John Freeland, pastor at Skyland United Methodist Church in Brookhaven, tutors youngsters at Ashford Park Elementary in reading.

“Zot” is not a word, John Freeland sadly informed Juan, a kindergartener at Ashford Park Elementary School, who had enthusiastically drawn the letter “Z” onto his white board.

But put an “H” in front of that “OT”? Definitely a word, Freeland said.

Freeland, the pastor of Skyland United Methodist Church in Brookhaven, is among a group of people from the church who volunteer once a week to help students at Ashford Park Elementary School with their reading skills.

“I try to find a creative way to work with them and help them learn new words,” Freeland said.

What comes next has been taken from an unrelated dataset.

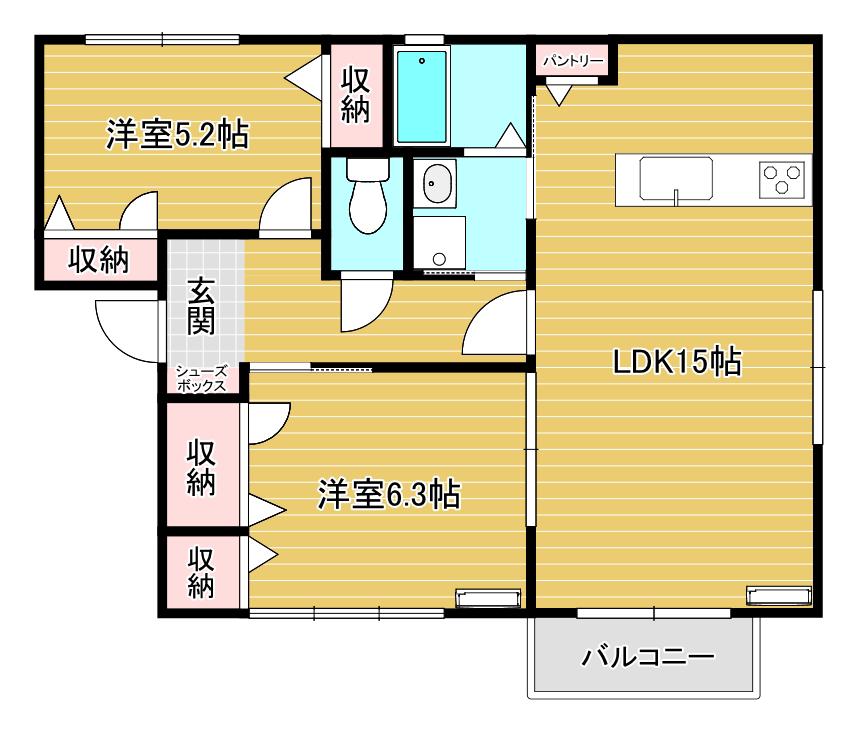 アビエスA(2LDK/1階)の間取り写真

Ashford Park Principal LaShawn McMillan said if a child cannot read by the third grade, it’s an indicator for poor future academic performance.

“Reading is critical. You have to be able to read to be able to do well in all the other subjects,” McMillan said.

So when Freeland asked what his church could do to support the school, McMillan came up with a plan to give students who are having trouble the one-on-one support their teachers don’t always have time to provide.

“In a number of classes, we found we have a number of kids that really struggle with reading,” McMillan said.

The volunteers help students in kindergarten through second grade who have been recommended by their teachers.

“It’s not just reading. It could be pre-reading, letter recognition, phonics, knowing the sounds of the letters, and getting them ready for reading,” McMillan said.

Freeland said the majority of the students he works with speak Spanish at home. He said their parents may not have the English skills necessary to help them with their reading.

“For them, if they have an older brother or sister, their English skills are much better,” Freeland said. “They go home and it’s a Spanish world.”

McMillan said the school would love to have more volunteers. She said anyone who is interested can contact the school to set up a plan.

“One of the requirements is, we’re looking for someone who can be committed to coming and working with our students,” McMillan said. “If you’re going to do it, we really want you to come in and do it.”

Freeland said since the beginning of the school year, he’s been going to the school once a week. He tutors for about 30 minutes each visit.

“It’s one of the highlights of my week,” Freeland said. “It’s nice to go sit down with the kids who are always loving toward me, and happy to see me walk in the door. It’s such a joy for them that I can’t help but enjoy it.”